No que diz respeito a dança, nos anos 60 e 70, com as experimentações da coreógrafa americana Anna Halprin e dos artistas da Judson Dance Theater[3] podemos notar um investimento da dança à outros espaços para além do espaço convencional (palco italiano). É, sobretudo com o surgimento da dança dita pós- moderna[4] que a dança vai contestar o espaço cênico tradicional e inaugurar espaços que até então não eram espaços destinados à dança como por exemplo: fachadas e coberturas de prédios, muros e paredes, estacionamentos, usinas, parques, piscinas etc.

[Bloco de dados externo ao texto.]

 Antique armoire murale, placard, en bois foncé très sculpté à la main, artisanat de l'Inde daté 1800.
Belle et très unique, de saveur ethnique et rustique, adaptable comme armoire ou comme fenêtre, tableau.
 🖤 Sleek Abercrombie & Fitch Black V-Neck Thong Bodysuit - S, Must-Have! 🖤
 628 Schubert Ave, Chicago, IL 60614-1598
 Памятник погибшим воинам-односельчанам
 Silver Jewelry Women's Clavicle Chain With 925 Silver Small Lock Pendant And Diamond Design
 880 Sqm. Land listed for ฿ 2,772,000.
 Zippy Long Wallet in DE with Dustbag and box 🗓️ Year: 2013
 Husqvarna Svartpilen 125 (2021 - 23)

A partir destas experimentações podemos notar a prática in situ/site specific ganhar corpo também na dança.
Roof Piece (1971) de Trisha Brown. Uma dezena de dançarinos são posicionados individualmente sobre as coberturas de prédios do bairro do Soho em Nova York.
Experiments in the Environment (1950) de Anna Halprin
Intervenção realizada num hangar do aeroporto de São Francisco.

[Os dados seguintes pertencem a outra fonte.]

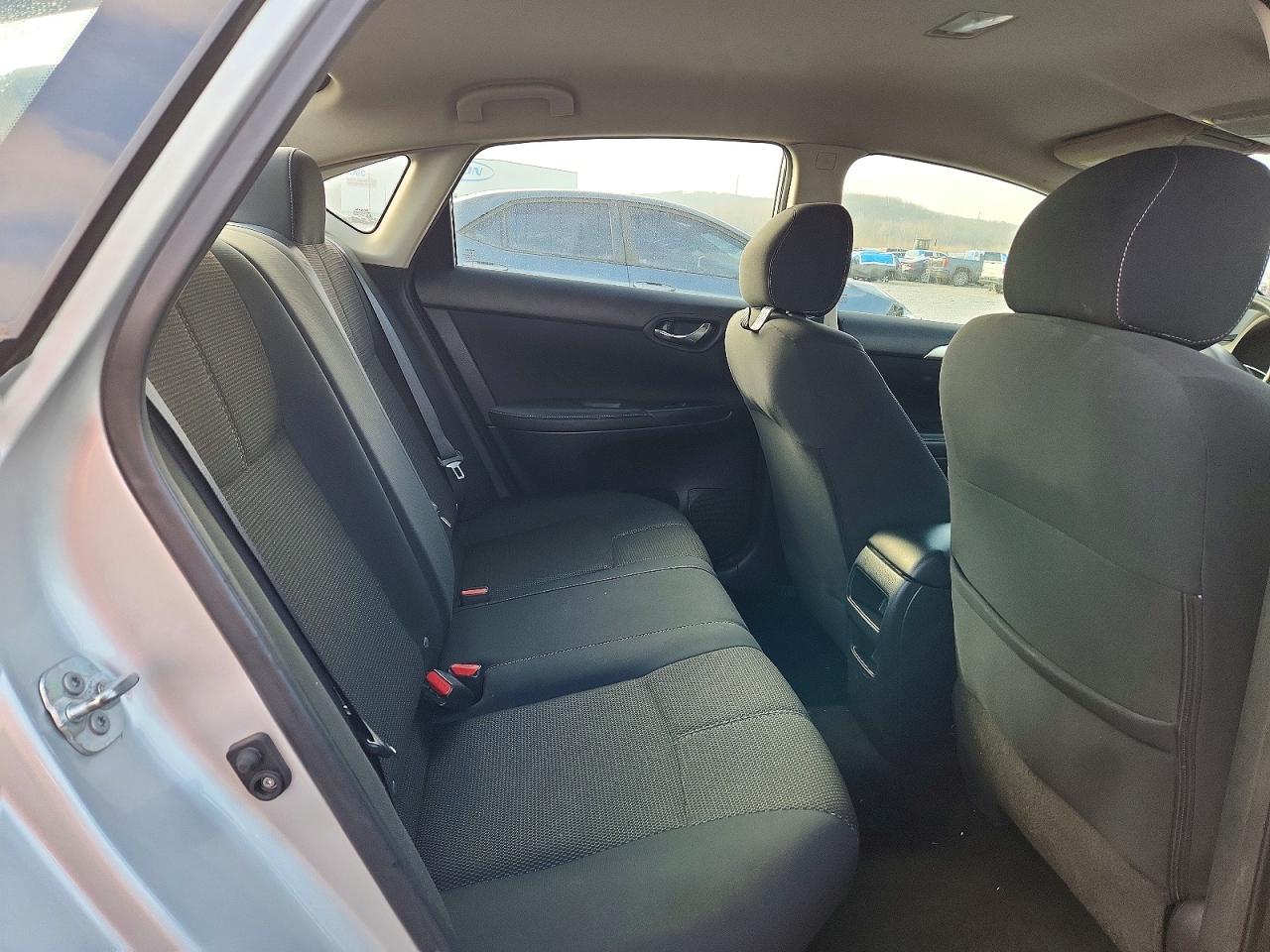 2016 NISSAN SENTRA S photo 10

No prolongamento destas experiências, podemos observar outros coreógrafos não só americanos mas também europeus que investem suas pesquisas coreográficas em projetos in situ.

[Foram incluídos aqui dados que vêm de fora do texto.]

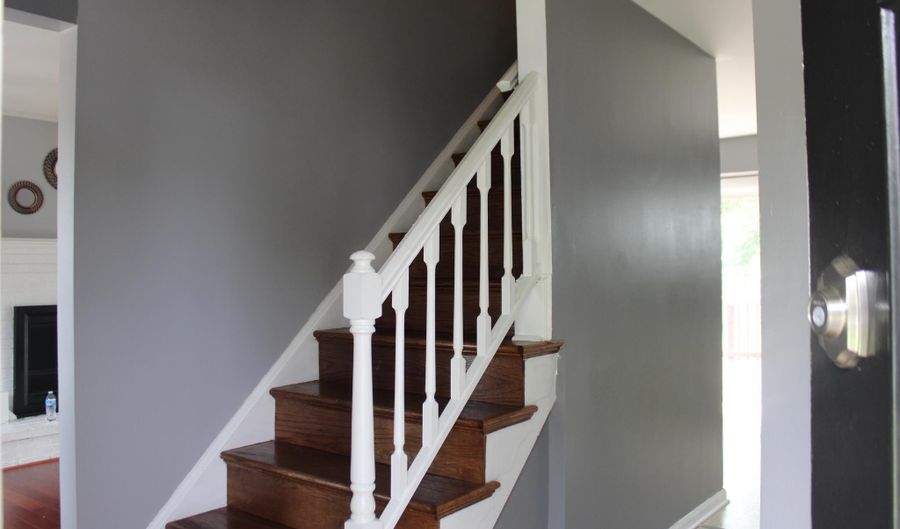 11009 FRUITWOOD Dr, Bowie, MD 20720 - 5 Beds, 4 Bath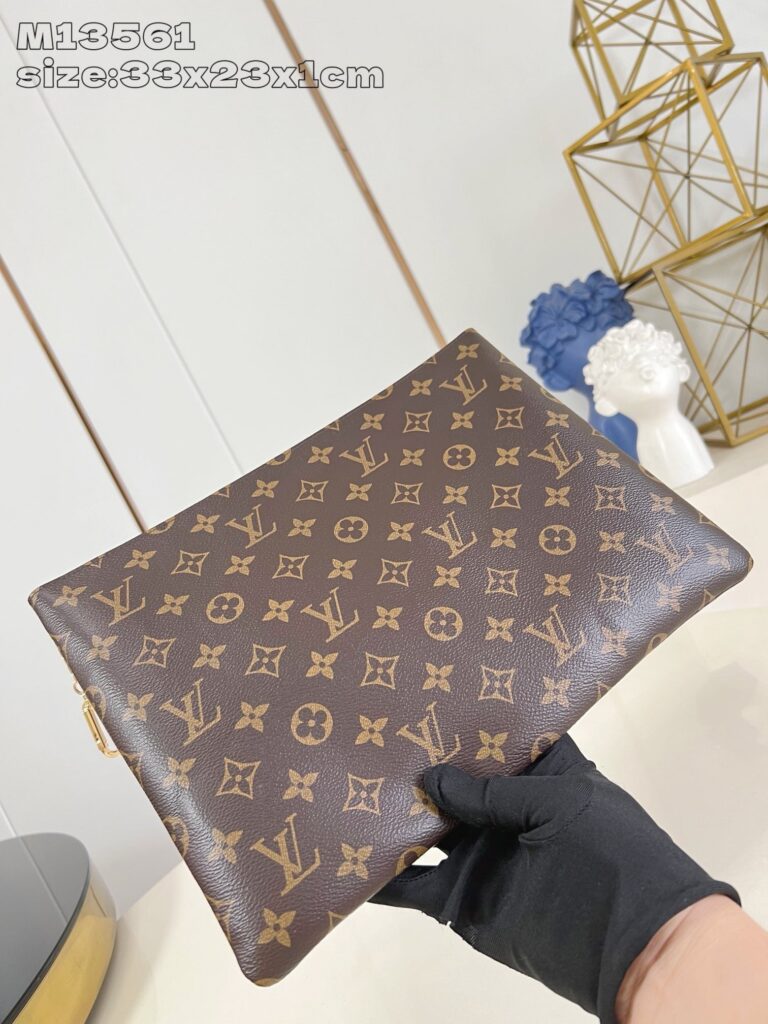 Clutch Louis Vuitton in pelle monogramma, elegante, minimalista e perfetta per ogni occasione.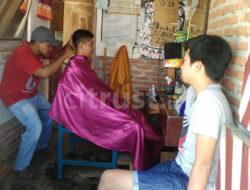 Tak Ada Matinya, Jasa Pangkas Rambut Tetap Diburu Pelanggan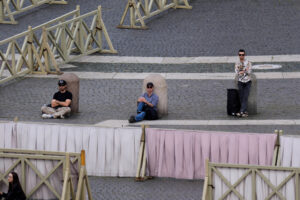 crowds-begin-to-gather-in-st-peter’s-square.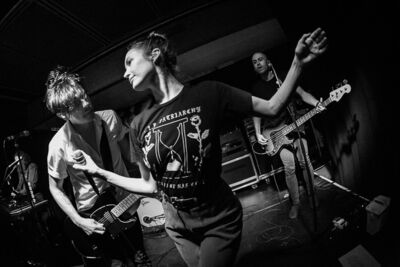 July Talk @ Trix, picture 15, photographed by Dorien Goetschalckx - FrontView Magazine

Na França por exemplo , no início dos anos 80 Odile Duboc cria duas peças para a cidade Aix-en-Provence: Vols d’Oiseaux (1981) onde dezenas de dançarinos realizam travessias numa praça de Aix e Entr’actes(1983) realizada em Aix e em Paris. Aix cria um festival consagrado à dança fora do espaço convencional; Danse à Aix.
Odile Duboc – Vols d’Oiseaux (1981)
Nos anos 90, há um boom de artistas que se apropriam tanto de espaços públicos da cidade (praças, parques, ruas) como espaços privados (apartamentos, hotéis, lofts) ou ainda locais marginalizados ( edifícios abandonados, usinas desativadas).
O coreógrafo americano Mark Tompkins cria Plaque Tournante (1990-1992) este trabalho foi apresentado em praças e parques de diversas cidades européias confrontando à dança à geografia.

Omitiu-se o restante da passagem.